The GoTo Community is currently experiencing some technical issues affecting new posts and comments. You may need to reload the page you are on before you can post a comment. We are actively working with our service provider and apologize for the frustration.
Forum Discussion
Solved
Disable "Confirm your email" identity confirmation
Disable Confirm your email
Kind assistance are to request the deactivation of the email confirmation because, having more offices in Italy, the system checks the accesses and blocks the accounts, o...
Hi Alex_Y
I apologize for the access difficulty there.
We recently updated the security policy for GoTo Organizer logins. These are the key points to consider:
- We protect our customers by performing a risk assessment on every login - learn more here: https://support.goto.com/meeting/help/how-do-i-verify-my-login-g2m850064
- Recent improvements are more sensitive to account sharing and device re-use, which are common brute-force account take-over tactics
- For the vast majority of our customers this will have little or no impact
For customers sharing credentials, we see two common patterns appear high risk:
- From a single device, frequent logins with different credentials
- For a single email, multiple logins from differing devices (especially involving long distances between those devices)

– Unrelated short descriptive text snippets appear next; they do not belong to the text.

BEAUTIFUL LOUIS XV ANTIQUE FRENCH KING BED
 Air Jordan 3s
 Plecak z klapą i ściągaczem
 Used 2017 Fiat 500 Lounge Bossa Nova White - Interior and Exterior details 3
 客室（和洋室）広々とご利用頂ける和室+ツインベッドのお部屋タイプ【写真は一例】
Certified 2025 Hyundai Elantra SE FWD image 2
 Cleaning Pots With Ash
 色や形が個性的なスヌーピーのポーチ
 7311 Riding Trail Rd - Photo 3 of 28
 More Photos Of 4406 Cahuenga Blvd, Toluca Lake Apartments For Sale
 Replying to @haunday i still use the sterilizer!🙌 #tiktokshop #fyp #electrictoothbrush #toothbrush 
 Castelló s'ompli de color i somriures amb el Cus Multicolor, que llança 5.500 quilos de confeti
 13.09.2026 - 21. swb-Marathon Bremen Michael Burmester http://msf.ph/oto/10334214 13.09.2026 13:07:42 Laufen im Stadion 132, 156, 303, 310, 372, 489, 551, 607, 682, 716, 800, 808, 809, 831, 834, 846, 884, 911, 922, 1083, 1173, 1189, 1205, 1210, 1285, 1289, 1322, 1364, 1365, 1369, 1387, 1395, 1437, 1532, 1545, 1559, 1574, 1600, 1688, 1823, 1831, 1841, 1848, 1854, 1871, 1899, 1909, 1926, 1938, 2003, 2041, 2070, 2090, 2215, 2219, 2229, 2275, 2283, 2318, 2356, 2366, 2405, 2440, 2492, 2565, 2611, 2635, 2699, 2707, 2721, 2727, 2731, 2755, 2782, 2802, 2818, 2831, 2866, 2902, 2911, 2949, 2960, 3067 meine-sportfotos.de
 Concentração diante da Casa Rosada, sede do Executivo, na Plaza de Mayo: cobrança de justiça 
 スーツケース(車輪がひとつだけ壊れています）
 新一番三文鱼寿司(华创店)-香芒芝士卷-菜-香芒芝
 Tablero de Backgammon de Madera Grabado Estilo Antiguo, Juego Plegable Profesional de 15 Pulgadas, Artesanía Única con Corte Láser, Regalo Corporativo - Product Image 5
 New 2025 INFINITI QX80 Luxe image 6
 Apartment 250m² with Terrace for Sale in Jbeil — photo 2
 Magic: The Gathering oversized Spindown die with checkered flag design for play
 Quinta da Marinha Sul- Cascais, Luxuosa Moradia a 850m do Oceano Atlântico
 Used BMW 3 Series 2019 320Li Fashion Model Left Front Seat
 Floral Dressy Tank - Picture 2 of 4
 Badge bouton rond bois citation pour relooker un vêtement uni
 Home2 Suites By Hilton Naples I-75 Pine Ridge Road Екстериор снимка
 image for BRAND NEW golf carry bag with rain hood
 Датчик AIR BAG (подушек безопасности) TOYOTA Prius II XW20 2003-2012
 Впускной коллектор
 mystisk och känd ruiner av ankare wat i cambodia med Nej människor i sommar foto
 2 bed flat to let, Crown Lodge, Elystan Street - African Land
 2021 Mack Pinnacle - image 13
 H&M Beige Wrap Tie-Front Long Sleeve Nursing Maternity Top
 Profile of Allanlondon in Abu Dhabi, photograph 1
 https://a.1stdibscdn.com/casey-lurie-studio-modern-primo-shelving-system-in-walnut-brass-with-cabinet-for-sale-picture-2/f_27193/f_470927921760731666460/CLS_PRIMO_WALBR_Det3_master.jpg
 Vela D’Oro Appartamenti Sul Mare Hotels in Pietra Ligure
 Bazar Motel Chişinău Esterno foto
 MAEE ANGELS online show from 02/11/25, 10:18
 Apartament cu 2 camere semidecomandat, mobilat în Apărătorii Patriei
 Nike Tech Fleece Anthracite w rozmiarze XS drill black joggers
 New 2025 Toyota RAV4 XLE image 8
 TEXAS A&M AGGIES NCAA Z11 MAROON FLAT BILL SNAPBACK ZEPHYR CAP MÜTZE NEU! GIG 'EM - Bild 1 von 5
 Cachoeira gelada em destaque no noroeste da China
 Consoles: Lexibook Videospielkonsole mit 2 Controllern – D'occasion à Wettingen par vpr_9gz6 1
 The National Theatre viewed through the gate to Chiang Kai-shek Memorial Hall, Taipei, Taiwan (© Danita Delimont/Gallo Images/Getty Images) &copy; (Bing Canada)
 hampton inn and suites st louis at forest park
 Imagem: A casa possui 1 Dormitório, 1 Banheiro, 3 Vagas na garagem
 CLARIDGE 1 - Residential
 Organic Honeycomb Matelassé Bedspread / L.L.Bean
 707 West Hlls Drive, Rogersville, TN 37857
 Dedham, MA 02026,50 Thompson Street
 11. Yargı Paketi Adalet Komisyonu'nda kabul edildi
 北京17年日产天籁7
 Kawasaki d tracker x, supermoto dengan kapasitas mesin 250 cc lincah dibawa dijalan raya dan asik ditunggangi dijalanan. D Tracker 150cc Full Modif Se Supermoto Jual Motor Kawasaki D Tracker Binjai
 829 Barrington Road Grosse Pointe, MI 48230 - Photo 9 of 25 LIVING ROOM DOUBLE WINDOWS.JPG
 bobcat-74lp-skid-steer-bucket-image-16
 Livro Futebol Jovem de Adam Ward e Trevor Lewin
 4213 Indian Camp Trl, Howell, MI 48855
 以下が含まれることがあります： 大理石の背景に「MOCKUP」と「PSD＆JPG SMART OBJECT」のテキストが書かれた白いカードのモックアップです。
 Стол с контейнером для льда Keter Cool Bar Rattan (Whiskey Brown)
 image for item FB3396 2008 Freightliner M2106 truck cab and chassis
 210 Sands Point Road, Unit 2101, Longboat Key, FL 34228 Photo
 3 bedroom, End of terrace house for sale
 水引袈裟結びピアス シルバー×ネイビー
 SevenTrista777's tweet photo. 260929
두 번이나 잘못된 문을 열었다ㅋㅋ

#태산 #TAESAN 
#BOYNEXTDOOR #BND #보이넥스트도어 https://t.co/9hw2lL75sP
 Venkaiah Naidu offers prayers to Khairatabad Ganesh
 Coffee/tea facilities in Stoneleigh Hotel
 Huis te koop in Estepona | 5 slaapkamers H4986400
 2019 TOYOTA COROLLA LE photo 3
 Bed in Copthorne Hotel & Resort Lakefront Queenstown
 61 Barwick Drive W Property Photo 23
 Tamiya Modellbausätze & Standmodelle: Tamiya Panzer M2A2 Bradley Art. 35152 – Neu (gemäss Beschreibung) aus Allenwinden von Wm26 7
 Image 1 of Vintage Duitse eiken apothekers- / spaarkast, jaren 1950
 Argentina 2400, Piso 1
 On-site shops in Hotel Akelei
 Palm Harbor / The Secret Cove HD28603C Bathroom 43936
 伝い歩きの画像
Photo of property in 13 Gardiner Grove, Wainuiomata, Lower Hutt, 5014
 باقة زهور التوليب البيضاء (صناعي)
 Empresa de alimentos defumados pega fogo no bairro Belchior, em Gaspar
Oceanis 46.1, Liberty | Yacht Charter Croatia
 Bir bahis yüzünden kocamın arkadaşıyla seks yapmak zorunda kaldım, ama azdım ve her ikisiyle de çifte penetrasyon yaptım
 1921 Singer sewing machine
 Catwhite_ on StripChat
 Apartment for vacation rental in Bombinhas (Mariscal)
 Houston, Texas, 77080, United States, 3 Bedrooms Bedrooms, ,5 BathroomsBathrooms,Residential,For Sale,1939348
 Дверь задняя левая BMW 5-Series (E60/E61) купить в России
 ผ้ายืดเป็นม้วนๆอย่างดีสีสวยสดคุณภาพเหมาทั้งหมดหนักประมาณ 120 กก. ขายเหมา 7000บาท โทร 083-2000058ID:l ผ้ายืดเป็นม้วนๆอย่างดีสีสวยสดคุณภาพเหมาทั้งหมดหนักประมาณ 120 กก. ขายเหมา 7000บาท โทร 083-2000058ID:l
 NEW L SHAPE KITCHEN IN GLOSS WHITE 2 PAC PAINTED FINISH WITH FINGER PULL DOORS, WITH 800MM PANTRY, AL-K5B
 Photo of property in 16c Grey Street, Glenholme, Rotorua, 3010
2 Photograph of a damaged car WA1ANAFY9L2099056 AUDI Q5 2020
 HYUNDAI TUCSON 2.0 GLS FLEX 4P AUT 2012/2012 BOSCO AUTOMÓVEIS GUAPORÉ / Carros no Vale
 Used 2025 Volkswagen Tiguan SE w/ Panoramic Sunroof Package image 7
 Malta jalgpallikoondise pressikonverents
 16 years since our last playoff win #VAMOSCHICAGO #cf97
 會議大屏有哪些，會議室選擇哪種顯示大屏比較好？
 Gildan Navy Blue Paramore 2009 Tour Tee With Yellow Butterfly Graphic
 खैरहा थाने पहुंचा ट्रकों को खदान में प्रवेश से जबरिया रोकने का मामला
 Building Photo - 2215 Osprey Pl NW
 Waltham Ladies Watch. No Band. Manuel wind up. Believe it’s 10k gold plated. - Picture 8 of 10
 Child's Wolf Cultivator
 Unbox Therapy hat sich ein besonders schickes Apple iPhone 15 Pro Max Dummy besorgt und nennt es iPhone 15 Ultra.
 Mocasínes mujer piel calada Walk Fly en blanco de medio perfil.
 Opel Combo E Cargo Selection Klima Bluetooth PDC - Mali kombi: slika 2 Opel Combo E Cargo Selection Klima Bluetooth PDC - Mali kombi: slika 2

In both instances, explicitly marking a device as trusted will reduce the risk and subsequent logins will not be denied. Learn more about managing trusted devices here: https://support.goto.com/meeting/help/how-do-i-manage-my-trusted-devices-g2m850096
When a login is blocked, email verification is typically required to proceed. Repeated offenses will escalate to the system assuming the account has been compromised, requiring a password reset to proceed. The challenge with marking devices as trusted is that it needs to be done after a successful login. Either the person in control of the email needs to login and mark all their colleagues devices as trusted, or everyone sharing those credentials need access to the email to successfully respond to the email verification challenge.
Once a device is trusted, it should not be denied access during subsequent logins. Also, devices cannot be trusted until one successful login attempt has been made.
** Currently, there is no way to make an exception for certain accounts and disabling the security check would leave all customers at risk.
Alex_Y I apologize for the frustrations. We recently rolled back one of the security updates to help alleviate some of the login problems. Are you currently logging in from behind a VPN or using a private connection?
Are you still receiving verification emails to the GoTo account address?
Hi,
>>Are you currently logging in from behind a VPN or using a private connection?
Yes, we use Kerio VPN to connect to the office. This is a standard communication method for working from home.
>>Are you still receiving verification emails to the GoTo account address?
How that works for me now:
1. Without Kerio VPN I do not receive the verification code to enter the meeting room.
2. With VPN (Office PC) I do receive the code even though the device is trusted
We do understand the desire for security but the "Verification code" option must be optional.